「で、そこに記述されるプロシージャの種類なんだけど、これも大きく分けると2つの種類に分かれる。
1つめは、今までずっと使ってきた"標準プロシージャ"。
VBEのF5キーやExcelの[マクロの実行]で実行できるプロシージャだよ。
そして2つめは、"イベントプロシージャ"。
これはF5キーや[マクロの実行]では実行できないプロシージャなんだ」
「えええ!?[マクロの実行]で実行できないんなら、どうやって実行したらいいんだい?」
驚いてたずねる星くんに、八木くんはフフンと笑います。
「星。プログラムはなにもユーザーが実行することで、いつも動作するわけではないんだ。

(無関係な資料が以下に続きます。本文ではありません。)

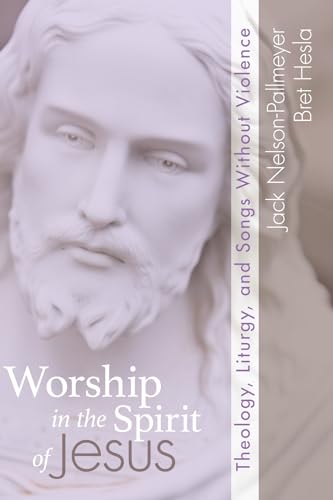 Stock image for Worship in the Spirit of Jesus: Theology Liturgy and Songs Without Violence for sale by Windows Booksellers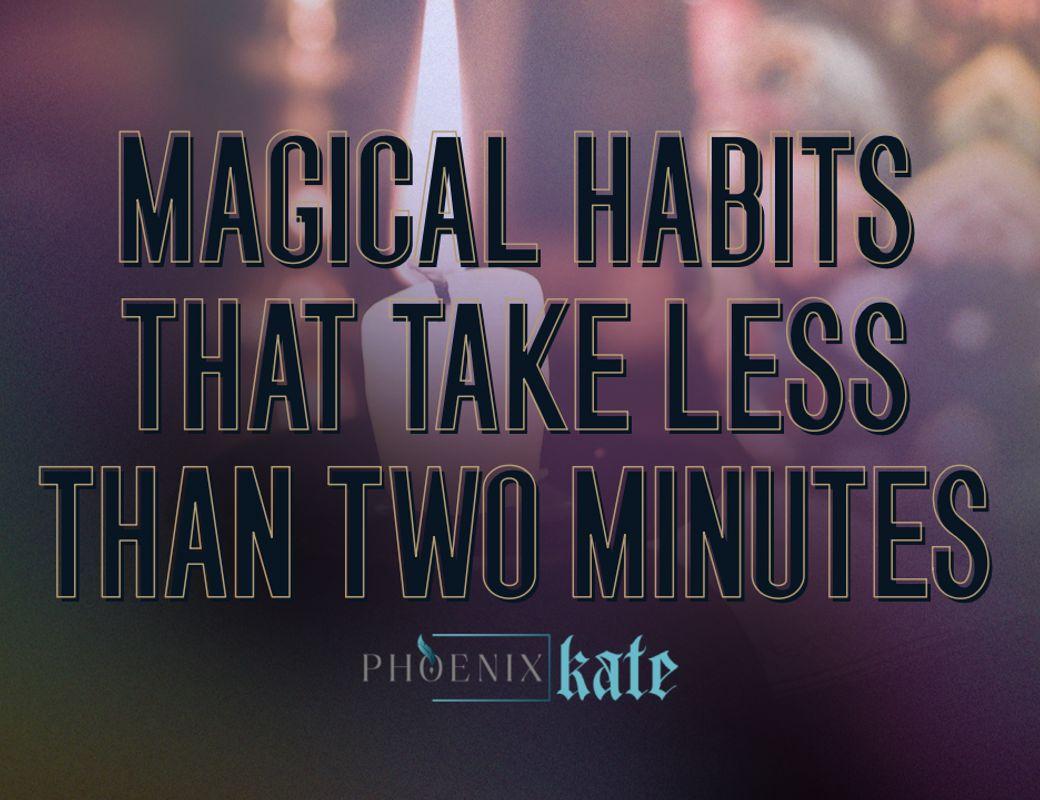 Magical Habits That Take Less Than Two Minutes
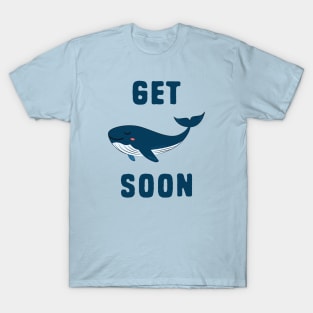 Get Whale Soon T-Shirt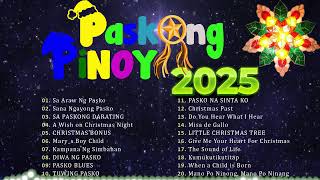 Paskong Pinoy 2025 Medley with Lyrics ❤️ Best Tagalog Christmas Songs ❤️ [upl. by Ohcamac]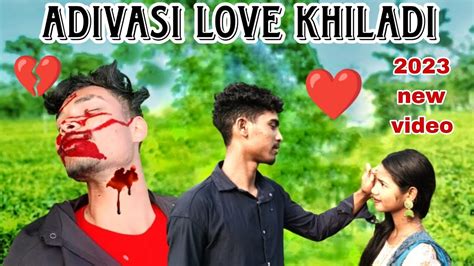 Adivasi Love Khiladi Love Story 💔😭🥀adivasi New Love Story Adivasi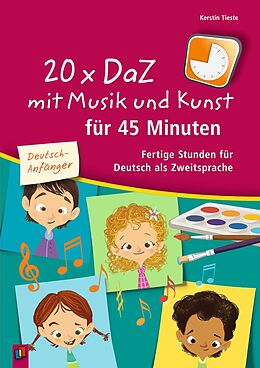 Kartonierter Einband 20 x DaZ mit Musik und Kunst für 45 Minuten  für Deutsch-Anfänger von Kerstin Tieste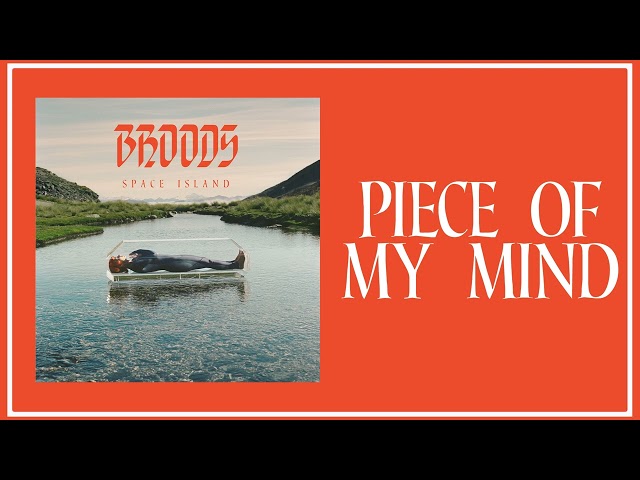 Broods - Piece Of My Mind (Official Audio)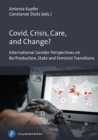 Covid, Crisis, Care, and Change? : International Gender Perspectives on Re/Production, State and Feminist Transitions - Book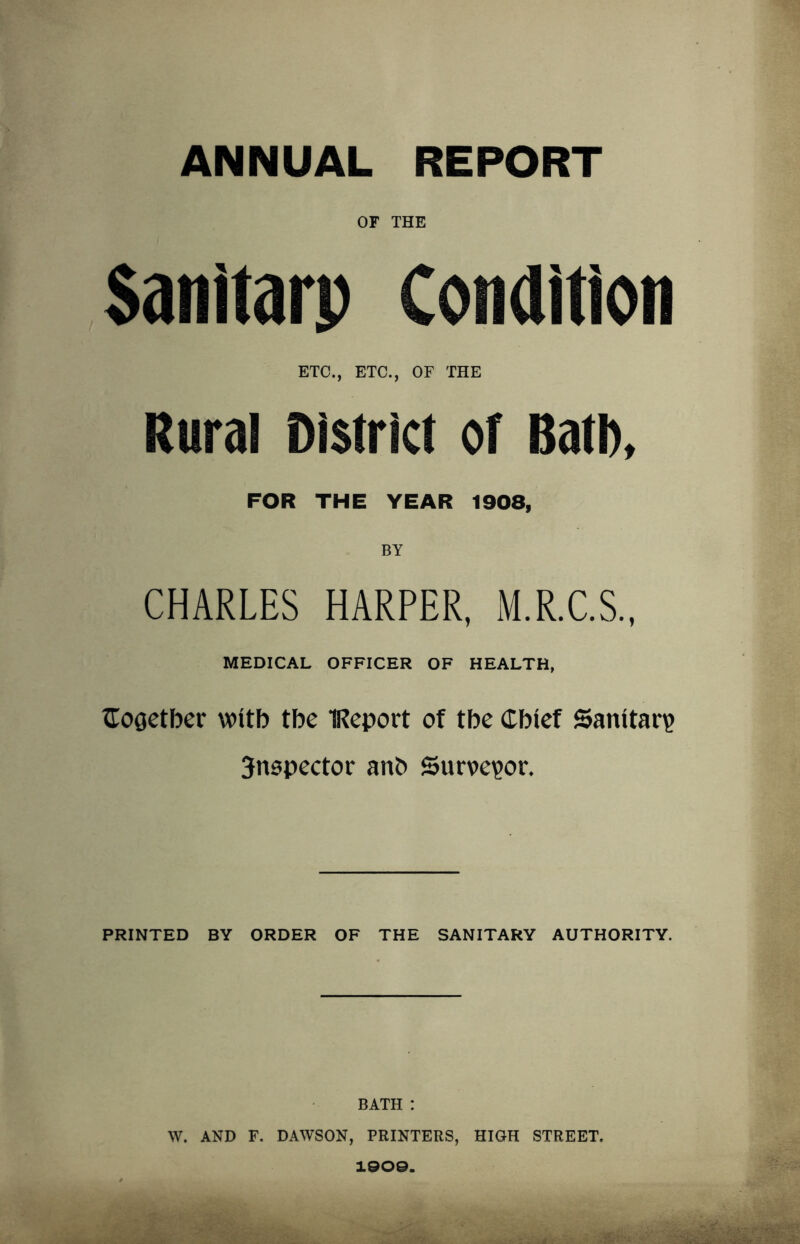 ANNUAL REPORT OF THE Sanitarp Condition ETC., ETC., OF THE Rural District of Bath, FOR THE YEAR 1908, BY CHARLES HARPER, M.R.C.S., MEDICAL OFFICER OF HEALTH, Cogetber witb tbe IReport of tbe Chief Sanitary 3nspector anb Surveyor. PRINTED BY ORDER OF THE SANITARY AUTHORITY. BATH : W. AND F. DAWSON, PRINTERS, HIGH STREET. 190©.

例えば数値を入力するテキストボックスに文字列を入力してプログラムに怒られた経験はないかい?」
「あああ…あるある! あと日付を入力するとき、変な日付を入力して"日付が正しくありません!"ってメッセージが出たこともあったよ」
「そう!それなんだ。
そのとき、ユーザーフォームの背後でテキストボックスの入力を監視するプログラムが実行されていたんだよ。
つまり、それこそが"イベントプロシージャ"なんだ。
イベントプロシージャは、ユーザーの操作で発生する様々なイベント、"フォームを開く"とか、"値を入力する"とか、"アプリケーションを終了する"とか… そういったときに、"ユーザーが正しく操作したかチェックする"とか、"次に起動するために必要な情報を収集する"とか…そういった処理を、裏でこっそり実行してるんだ」
星くんが、な~るほど!という顔をしました。
「そうか…それで、どんな状態でアプリを終了しても次に開くときは決められた設定で起動したり、
間違った選択をしたとき、親切にプログラムが教えてくれたりするんだね!」
「うん。これらの処理にイベントプロシージャは欠かせない。
もしイベントプロシージャがないと、値を入力したあと、"値の確認プロシージャ"をわざわざユーザーに実行させなきゃならないだろ?」
「そっか…。で、そのイベントプロシージャを使えるのが、
さっきいった"オブジェクトにくっついてるモジュール"ということでいいのかい?」
八木くんが目を見開きました。
「すばらしいぞ、星。全くその通りだ。おまえ本当にVBAのセンスがあるな…」
えへへ…と照れる星くんをよそに、八木くんがカタカタと図を作り始めました。